How does one tell history, when the archive is so limited? She thinks about methods for marking the absences on the page, and also looking for what she calls “the chorus of collaboration.” And, when necessary, extrapolating. It’s a very powerful work that makes one think of the horrors done to Black people during the period of enslavement in America.
I can see this is not only an important avenue for a historian to go down, but an intellectually challenging one too: how to construct reliable narratives in challenging archival circumstances. Our final book, Safiya Sinclair’s How to Say Babylon appeared on Five Books recently when it was shortlisted for the National Critics Book Circle award for autobiography. It’s a memoir of a strict Rastafarian upbringing. Could you tell us more?
Yes, this is Safiya Sinclair’s first work of prose, I think. She’s a poet. And you know that when you read it, because her prose is astonishing. This is a story of her upbringing in a Rastafarian family in Jamaica, and it exposes the subjugation under which she lives. The father is the god of the household. Women are tightly controlled in what they can wear, what they can do, who they can be.
It explores her parents’ story and her experience of growing up in this environment, her breaking free, and the role of poetry in that. It’s lyrical, a completely delicious read. And it has had a lot of attention for the quality of the telling.
As I noted earlier, 2024 is the first year that there has been an award for nonfiction books from the Women’s Prize. Might you remind us of the necessity of such a prize and the challenges women face in publishing nonfiction?
Yes. I feel very strongly about this. Let me give you some of the data. When the prize was announced a year ago, the Women’s Prize commissioned research that found that, in 2022, only 26.5% of the space given by national newspapers to reviewing nonfiction was given to books by women. In the best books of the year round-ups, they found only a third of the books recommended were by women. Over seven nonfiction prizes over the course of ten years, only 35.5% of the books shortlisted were by women. Perhaps the most shocking is the gender pay gap, which is 14% across all industries in the UK, but among writers has worsened from 33.3% to 35.7%.

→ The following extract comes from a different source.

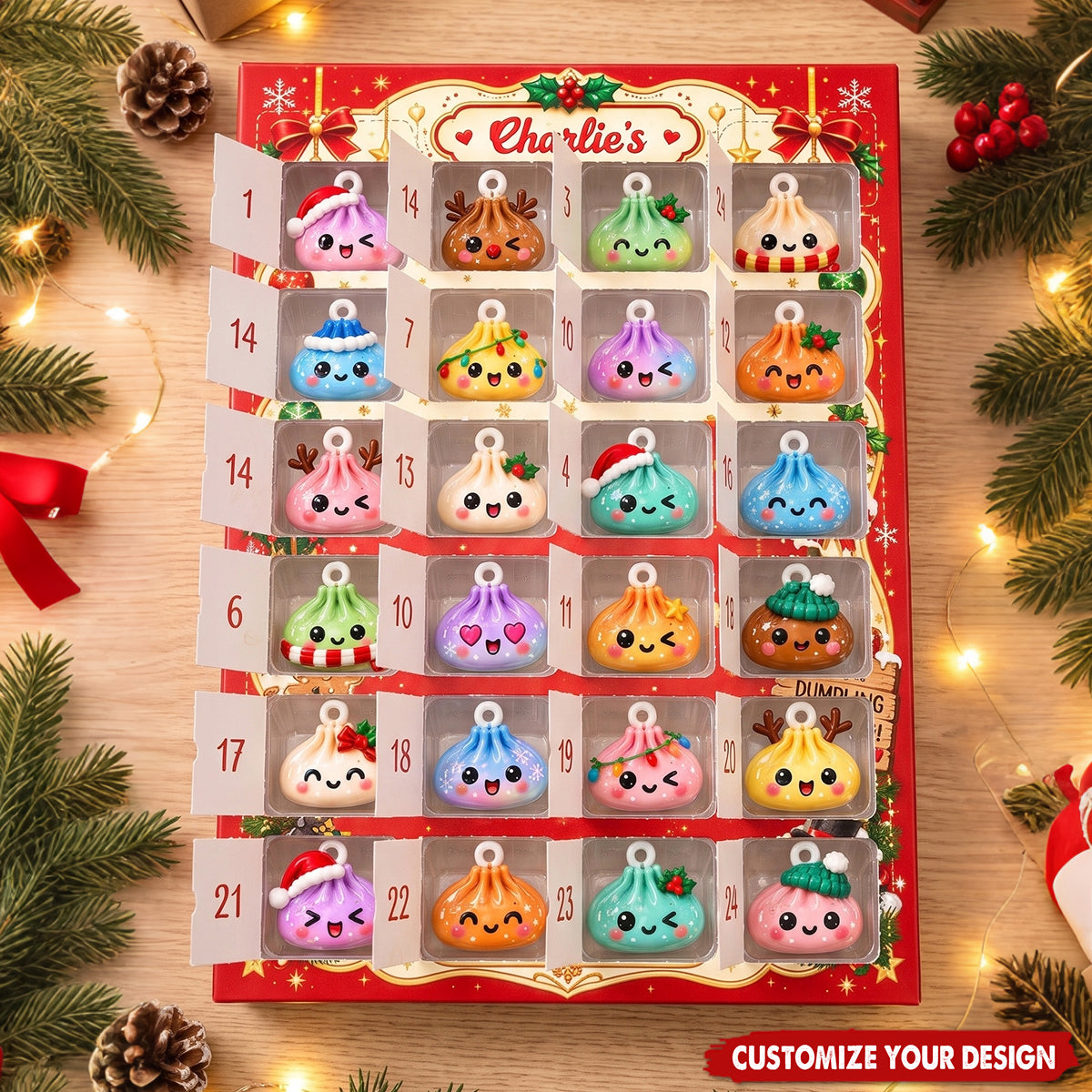 Personalized Dumpling Advent Calendar 2026, 24 Mini Christmas Countdown ornaments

So, either women simply write less well than men, or something structural is going on here. I think it was Mary Ann Sieghart has called “the authority gap”: that women are still expected not to be able to talk with expertise in the same way that men are, after more than a couple of millennia of men being in positions of authority. When it comes to non-fictional subjects, women aren’t considered the authority figures. The Women’s Prize for Nonfiction is an intervention which aims to try to change the literary landscape.
One thing that was very interesting was that, as a historian, I know the ways in which women are making interventions in meaningful ways in the factual environment. Yet publishers generally send in the sorts of books that “do well for women.” So we called in a lot of books as well, and I feel we finally ended up with a good representation of what has been published. But publishers found it hard to understand, exactly in the way that the problem exists, that women can speak to subjects with expertise as well as beauty and power.
That sounds like you had to put in a lot of thought. Were you left with a sense of optimism about where we can go from here, in terms of nonfiction by women?
Absolutely. The quality of the work is out there already. We read an enormous number of wonderful books. Please, take a look at our longlist of 16 incredible books. I’m also hoping that the upshot of this prize will be that publishers commission more of this stuff, by women, because they know there’s a place now where it might be recognised.